- _To do_: Using the records below, write out only the lines from the line containing "2021 Volkswagen Transporter" up to and including the line containing "Citroën C3 Aircross", exactly, with no pictures.

--- Material shown Enclosed Below ---

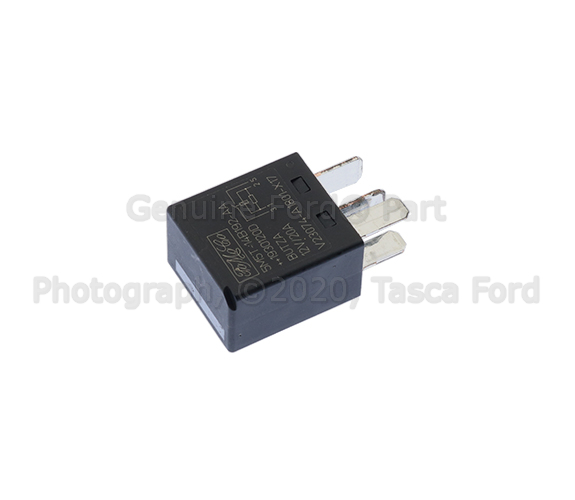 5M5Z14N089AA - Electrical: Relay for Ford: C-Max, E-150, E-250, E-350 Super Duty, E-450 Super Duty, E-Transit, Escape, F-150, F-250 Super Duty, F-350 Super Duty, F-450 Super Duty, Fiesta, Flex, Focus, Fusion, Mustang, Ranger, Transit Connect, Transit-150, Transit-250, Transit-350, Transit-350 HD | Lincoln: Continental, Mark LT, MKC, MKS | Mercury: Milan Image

--- End of Enclosed Material shown ---
--- Material shown Enclosed Below ---

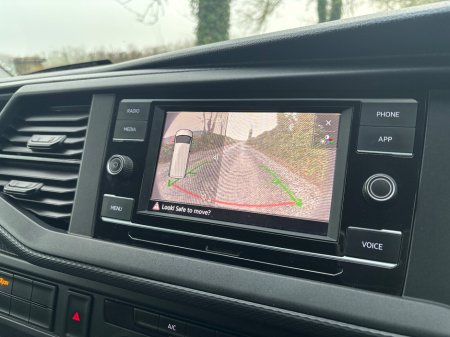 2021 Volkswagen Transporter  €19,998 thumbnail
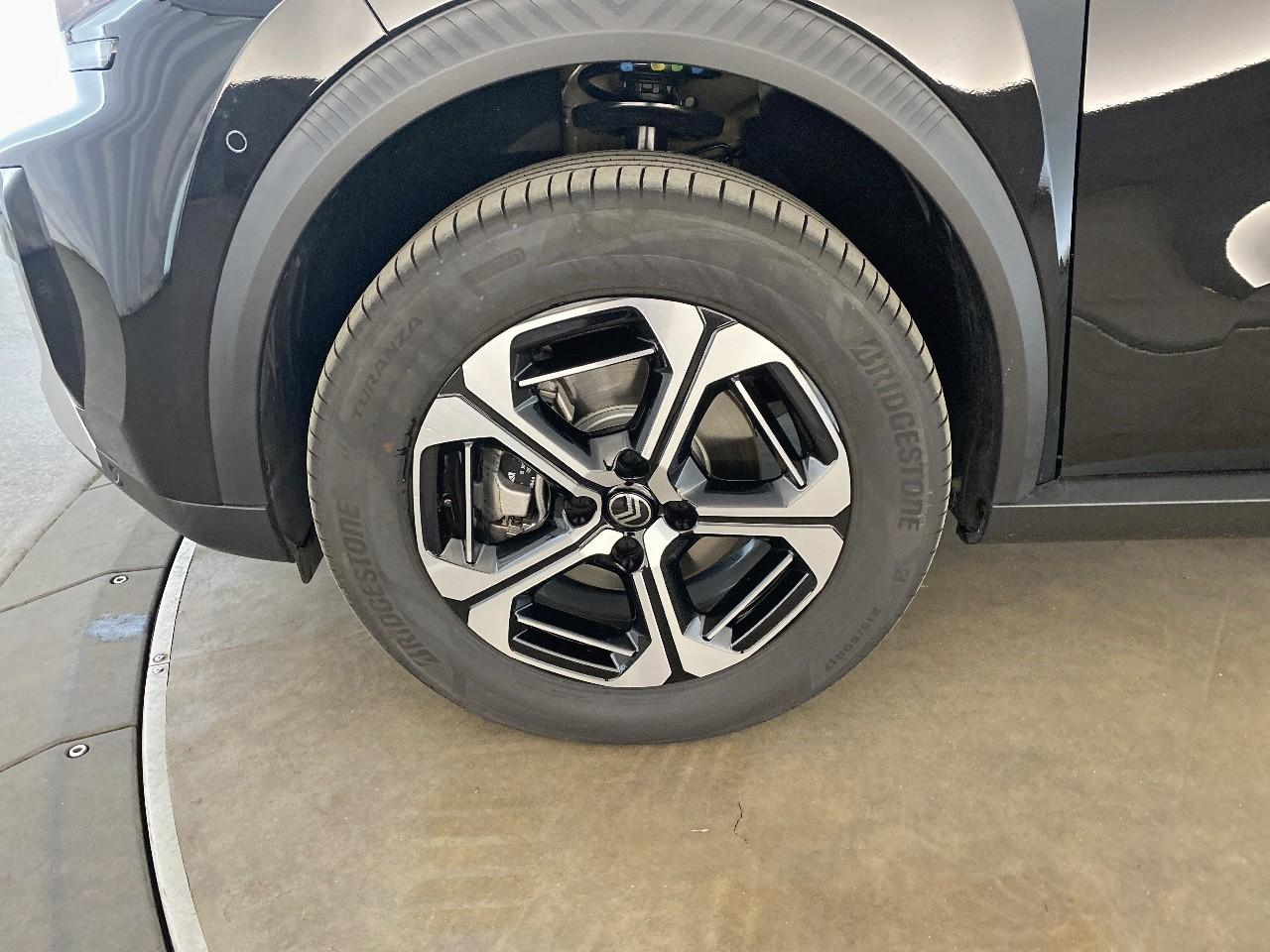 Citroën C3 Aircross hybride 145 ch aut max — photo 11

--- End of Enclosed Material shown ---

- _Response_:
 2021 Volkswagen Transporter  €19,998 thumbnail
 Citroën C3 Aircross hybride 145 ch aut max — photo 11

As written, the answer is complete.